Grant to support librarian projects

Libraries aren’t usually the subject of multimillion dollar exchanges, but a nationwide crisis has changed all that.

A severe librarian shortage is brewing, according to Eileen Maxwell, public affairs specialist with the federal agency Institute of Museum and Library Services, and has prompted the federal government to pour millions into organizations to develop training for librarians and library-related technology.

‘The reason why it is so important to care is that librarians are the providers of information,’ Maxwell said. ‘The way that information is navigated and delivered is all important to the American people.’

With this in mind, the IMLS, backed by President George W. Bush, created a grant called the Recruiting and Educating Librarians for the 21st Century, which is designed to fund the schooling of new librarians and professors of library science.

So far this year the IMLS has doled out $14.7 million, Maxwell said, and the Syracuse University School of Information Studies is one of the top recipients, receiving $1.2 million of the total.



Bruce Kingma, associate dean and professor of the School of Information Studies, is heading up the larger of the two grants, using a $713,492 donation to create the Web-based Information Science Education program, a distance education program with the University of Illinois Urbana-Champaign and the University of Wisconsin that will focus on library sciences and other forms of information science.

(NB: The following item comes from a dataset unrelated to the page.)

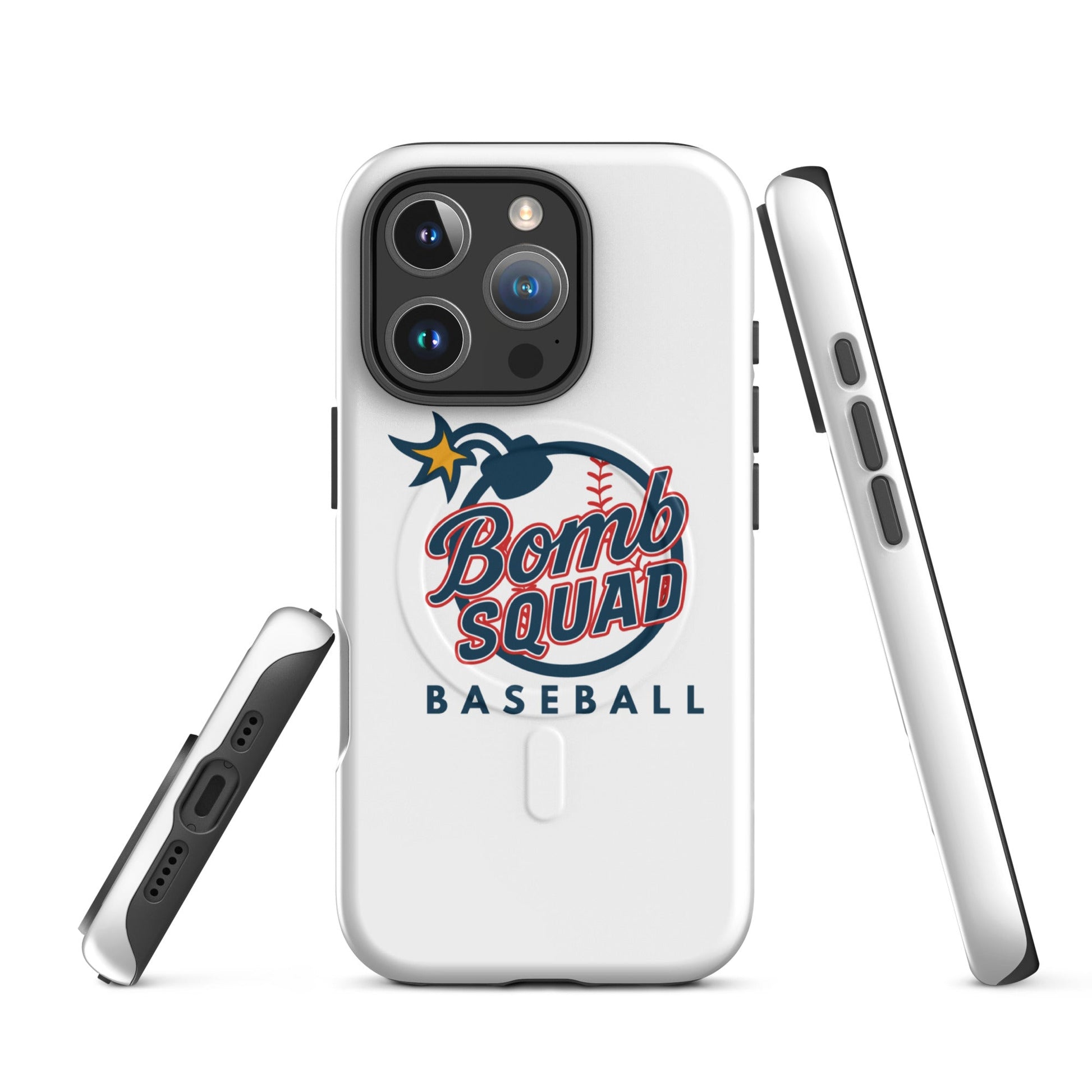 Magsafe Tough Case for iPhone | Bomb Squad Baseball | Alt Logo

Online classes in some cases can be more beneficial than regular classes, Kingma said, because they can create a more broad and diverse atmosphere, bringing perspectives from across the nation and even across the world, which will then distribute knowledge back into local communities.

Online learning can also provide students with more obscure, specialized classes and subject matters, as the one or two students interested in a specific field of study can pool together with students across the nation and the world to create a large class.

This is what Kingma hopes will come of the WISE program as it grows into comprehensive center and schools for librarian and others in the information management fields.

The key to ensure the success of WISE, Kingma said, is to ensure class quality with consistent interactive contact with professors and smaller limited class sizes, among other requirements.

‘We know that in some ways online education can be a richer experience,’ Kingma said. ‘We’re going to see how this scales up and open it up to universities whose meet these standards and qualities.’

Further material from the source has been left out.